__PROBLEM TO WORK ON__
Reproduce the material below only from the line with "Used Mercedes-Benz GLC" to the line with "著名表演藝術(shù)家唐國(guó)強(qiáng)。 本報(bào)記者 李英挺", both included, keeping each line exact and dropping the pictures.

__EXERCISE MATERIAL__
+++

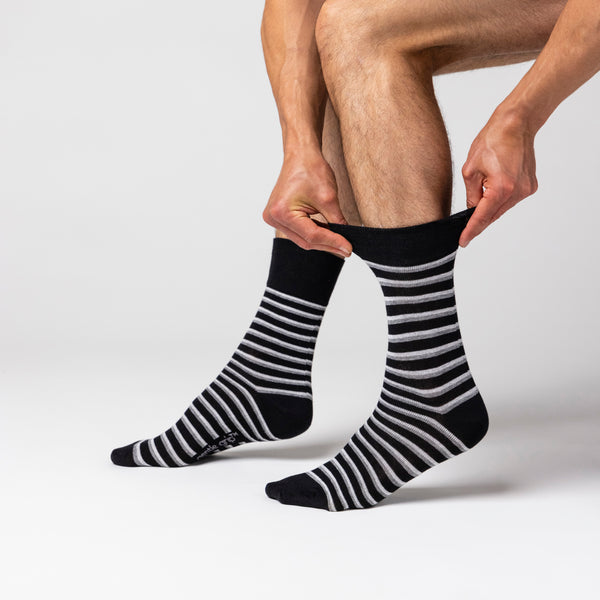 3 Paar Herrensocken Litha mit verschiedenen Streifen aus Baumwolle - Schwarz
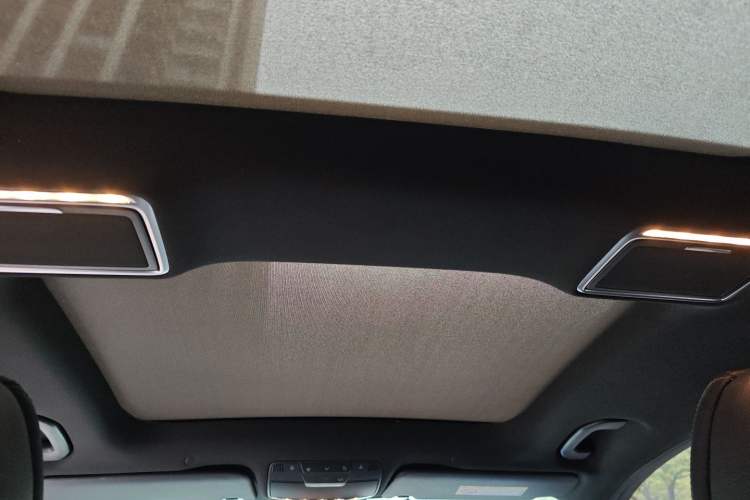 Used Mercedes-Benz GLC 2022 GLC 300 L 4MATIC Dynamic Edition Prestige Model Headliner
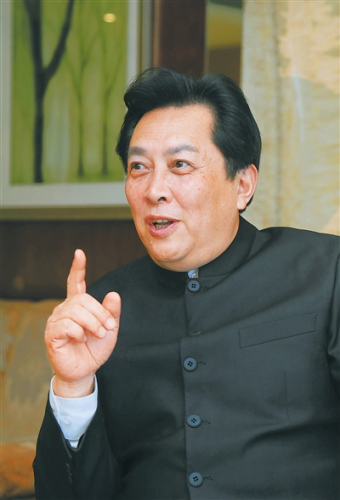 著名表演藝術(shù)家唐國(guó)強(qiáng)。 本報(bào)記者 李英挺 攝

+++

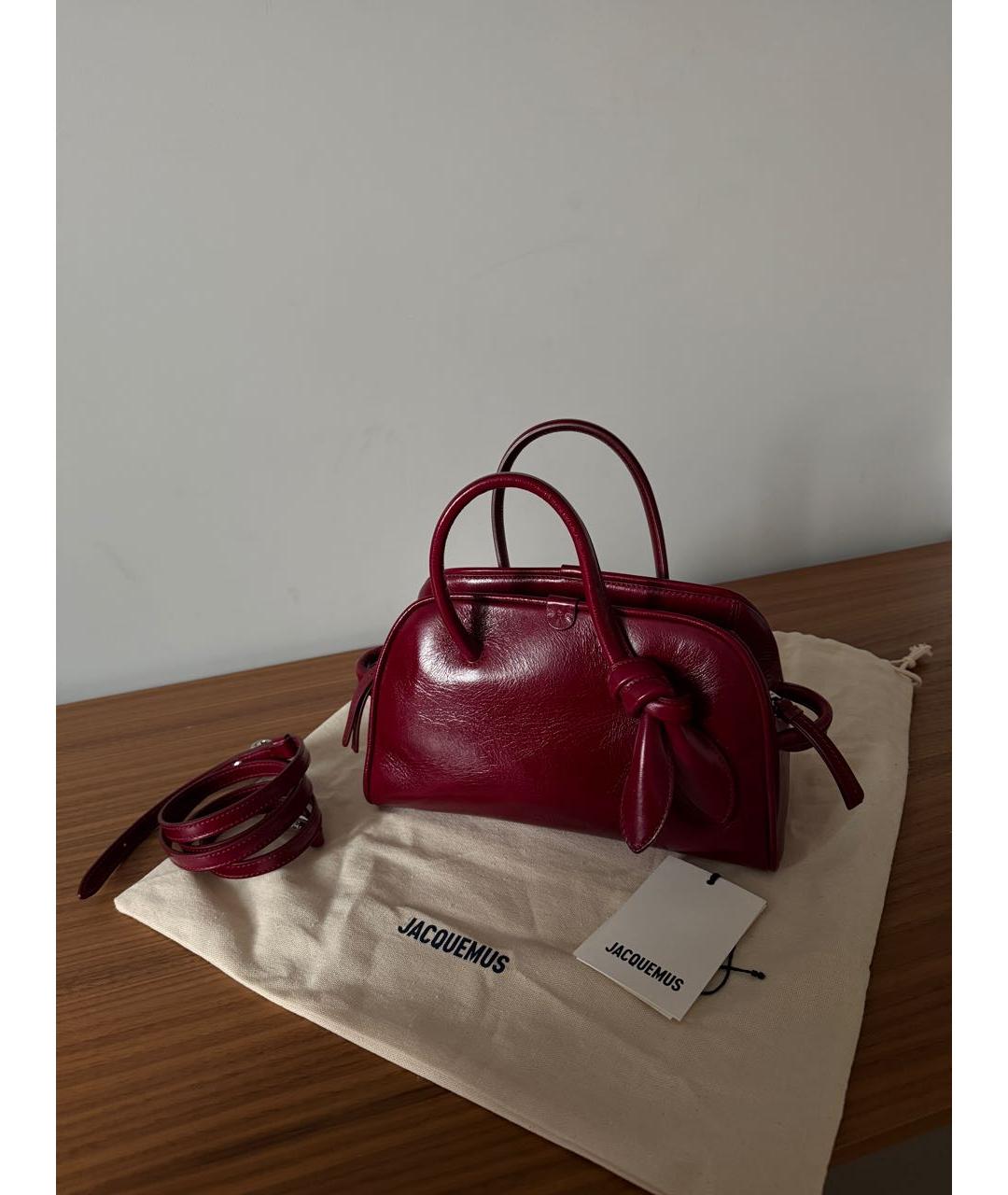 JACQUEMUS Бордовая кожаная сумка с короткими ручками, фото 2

+++

__ANSWER SPACE__
 Used Mercedes-Benz GLC 2022 GLC 300 L 4MATIC Dynamic Edition Prestige Model Headliner
 著名表演藝術(shù)家唐國(guó)強(qiáng)。 本報(bào)記者 李英挺 攝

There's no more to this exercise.